Una parte, poi, della maggiore intensità di produzione di rifiuti è riconducibile al tessuto manifatturiero domestico, che si dimostra un produttore più consistente di rifiuti se raffrontato con quello di Francia e Germania. Nel 2020, l’industria manifatturiera italiana ha generato circa 117 chilogrammi di rifiuti per 1.000 euro di VAL (valore aggiunto lordo), a fronte degli 86-87 chilogrammi di Francia e Germania. La distanza dalle migliori esperienze europee accomuna molti settori manifatturieri di nostra specializzazione: l’Italia produce più rifiuti per 1.000 euro di PIL nel tessile, nell’arredamento e nel food&beverage.

L’anomalia del nostro Paese non dev’essere letta necessariamente come minore efficienza o attenzione alla prevenzione da parte del sistema industriale italiano. Piuttosto, rivela una certa immaturità nella disciplina dei sottoprodotti, che induce le imprese a gestire come rifiuti anche materiali e scarti che potrebbero essere reimmessi nel processo produttivo, causando così un addendum di costi e carico amministrativo.

Quali soluzioni?

I numeri qui esposti mostrano chiaramente come l’Italia produce più rifiuti da attività economiche – per unità di PIL – rispetto agli altri Paesi UE. È evidente, quindi, la necessità di intervenire, individuando soluzioni adeguate, affinché possa essere avviato un percorso che porti a sganciare la creazione di valore aggiunto dalla produzione di rifiuto, specialmente riducendo i rifiuti derivanti dal trattamento dei rifiuti medesimi.

Accanto al miglioramento nel campo dell’ecodesign, con una progettazione dei beni che ne riduca l’impatto ambientale lungo l’intero ciclo di vita, la strategia di prevenzione per ridurre i volumi di rifiuti da attività economiche creati passa attraverso un più efficace funzionamento dell’istituto del sottoprodotto e un più ampio ricorso alle pratiche di simbiosi industriale. Quest’ultima rappresenta uno dei pilastri della Strategia Nazionale per l’Economia Circolare, ovvero una delle grandi riforme previste dal PNRR per il settore dei rifiuti.

Il sottoprodotto è un istituto giuridico con cui le sostanze e gli oggetti in uscita, come scarti, dai processi produttivi possono riutilizzati direttamente all’interno dei medesimi processi senza trattamenti ulteriori rispetto alla normale pratica industriale. Tali quantitativi evitano, così, di essere catalogati come rifiuti, venendo reimpiegati come input produttivi direttamente nel mondo industriale.
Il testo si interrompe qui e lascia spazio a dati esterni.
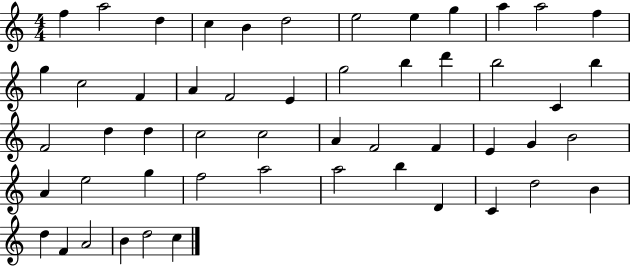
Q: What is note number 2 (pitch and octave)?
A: A5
Fino ad ora, il perimetro dei sottoprodotti è stato eccessivamente ristretto, limitando la casistica della remissione di scarti nelle filiere produttive senza ulteriori trattamenti. Ciò che ha frenato lo sviluppo di tale istituto è l’incertezza applicativa della normativa di riferimento, che porta gli operatori a preferire la classificazione come rifiuti, anziché come sottoprodotti, sottoponendosi così a regole più stringenti e onerose.

Infine, un contributo tangibile potrà arrivare da un efficace funzionamento di un altro istituto giuridico, vale a dire quello dell’End of Waste (EoW). Ancorché si tratti del processo con cui un rifiuto cessa di essere tale grazie ad un’operazione di recupero, l’EoW è funzionale ad evitare un ricorso eccessivo e ripetuto alle forme di trattamento intermedio, con la conseguenza di accrescere la produzione di rifiuti secondari, che costituiscono un tratto caratteristico del sistema italiano. Attualmente, i provvedimenti EoW denotano farraginosità e incertezza relativamente ai vari passaggi tra organi competenti, causando così un allungamento eccessivo delle tempistiche che arreca danno alle imprese e agli operatori del settore.